When we believe our thoughts, when we believe at the deepest level that they are in fact equal to reality, we can start to see how this leads directly to frustration, discontent, and ultimately to suffering on many levels. This realization is the first step in unraveling our suffering.
There is something else, however, which needs to be seen – something more fundamental. This deeper realization comes long after we have formed our opinions, our beliefs and our capacity to conceptualize. Why is it that, even when we start to see that it is our minds that are making us suffer, we still grasp onto our minds so deeply? Why do we still hold on to this identification, to such an extent that sometimes it feels like it’s holding on to us?
One of the reason we do this is because we think that the content of our minds – our beliefs, our ideas, our opinions – are actually who we are. This is the prime illusion: that I am what I think, that I am what I believe, that I am my particular point of view.
If someone said to you, “You can stop suffering. You can really stop it right here and now. All you have to do is give up everything you think, your opinion, and your beliefs and even in your own name. You have to give it all up, that’s all you have to do. Give it all up and you can be happy. For most people this would be either unacceptable or unattainable.
This may sound ludicrous, but it’s exactly the place that most people are in. This is the mind – state that most of us come from. When we’re not willing to be disturbed, which means when we’re not willing to find out what we thought was real in fact wasn’t real, we can never be happy.
If we’re not willing to find out that what we believe in isn’t truth, then we can never be happy. If we’re not honestly willing to look at the whole structure of who we think we are and be open to the idea that maybe we have been totally wrong about ourselves – maybe we’re not who we thought we were at all – if we’re not open to that idea, at least that possibility, there is no way we can find our way out of suffering.
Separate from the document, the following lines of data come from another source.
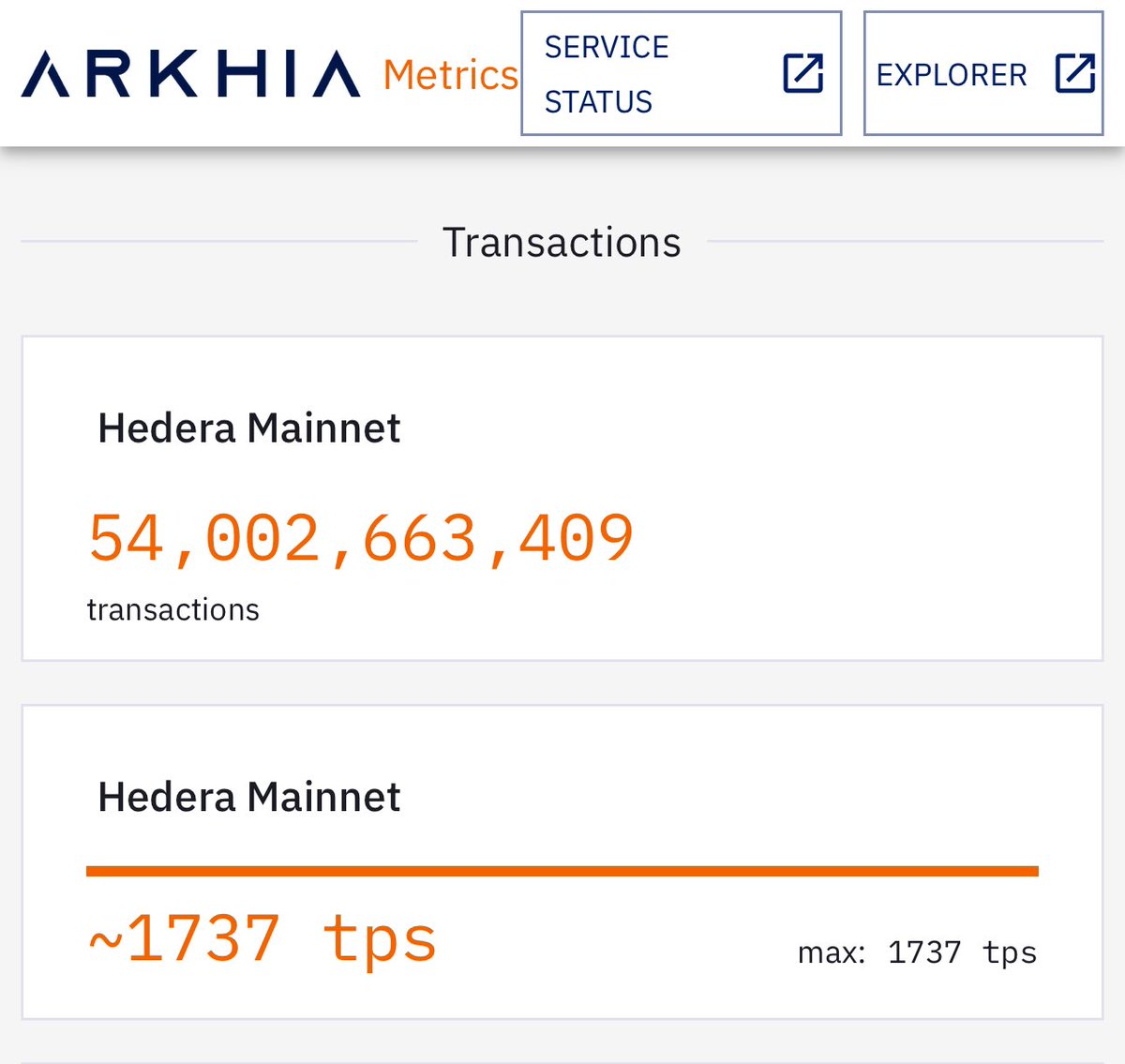 54 BILLION real world transactions on the #Hedera public #crypto network 🚀🚀🚀

That’s billion with a B.

No other #blockchain network is doing this kind of transaction volume.

Source: metrics.arkhia.io

#HBAR #Solana #ETH #Bitcoin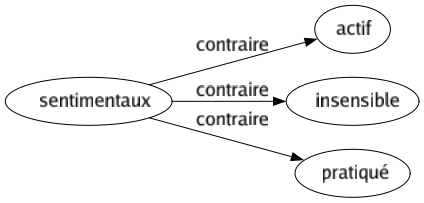 Contraire de Sentimentaux : Actif Insensible Pratiqué 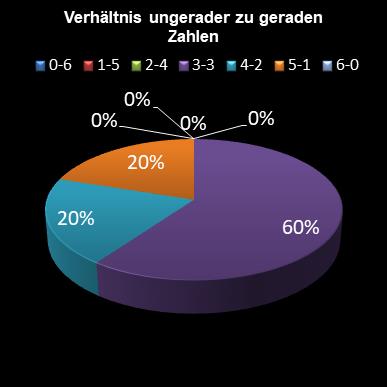 6aus49-Statistik Verh�ltnis ungerade zu gerade Zahlen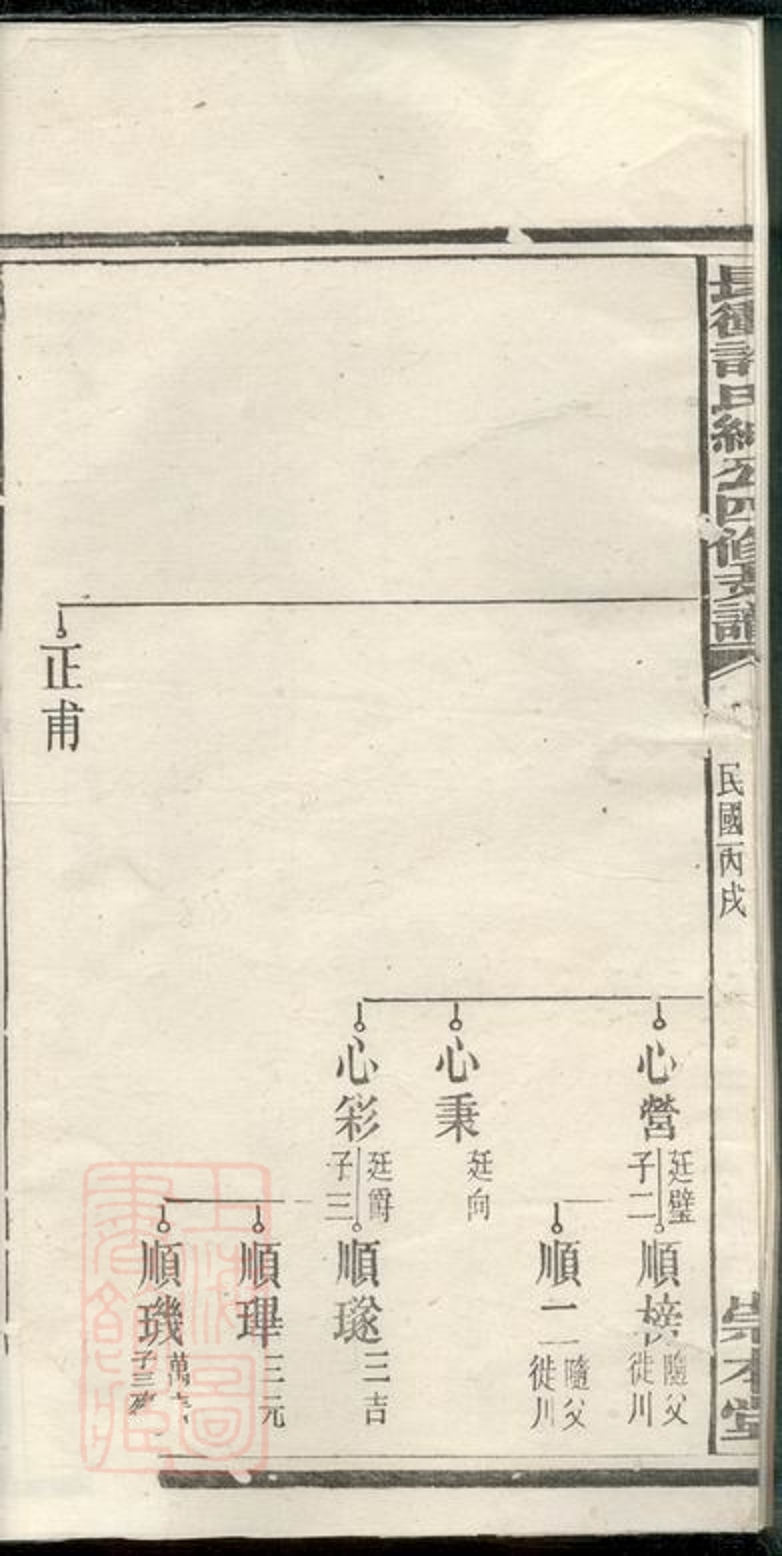 _寧鄉長衝許氏紳公四修支譜__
This is why Jesus said that when you begin to find, you will be disturbed. When you become conscious, more aware, when your eyes begin to open, the first thing you see is how deluded you are and how much you’re holding onto that which makes you suffer.
This is the most important step: Are you willing to be aware? Are you willing to open your eyes? Are you willing to be wrong? Are you willing to see that you may not be living from a standpoint of truth, from a standpoint of reality? This is what it means to be disturbed. But to be disturbed is not a negative thing, not in the context in which I’m using the word here. To be disturbed means you’re willing to see truth, you’re willing to see that maybe things aren’t the same way you thought they were.
If you can do this, you will finally free yourself of the pains and suffering you created in the first place. This is why I often write about belief systems and truth, it is one thing to believe in something, but that is not your truth. You may have adopted someone else’s truth and hold on to it and by doing this, you’re taking up space. So remove these thoughts that are creating suffering for you and replace them with truth, with love and your knowledge of how divine you are.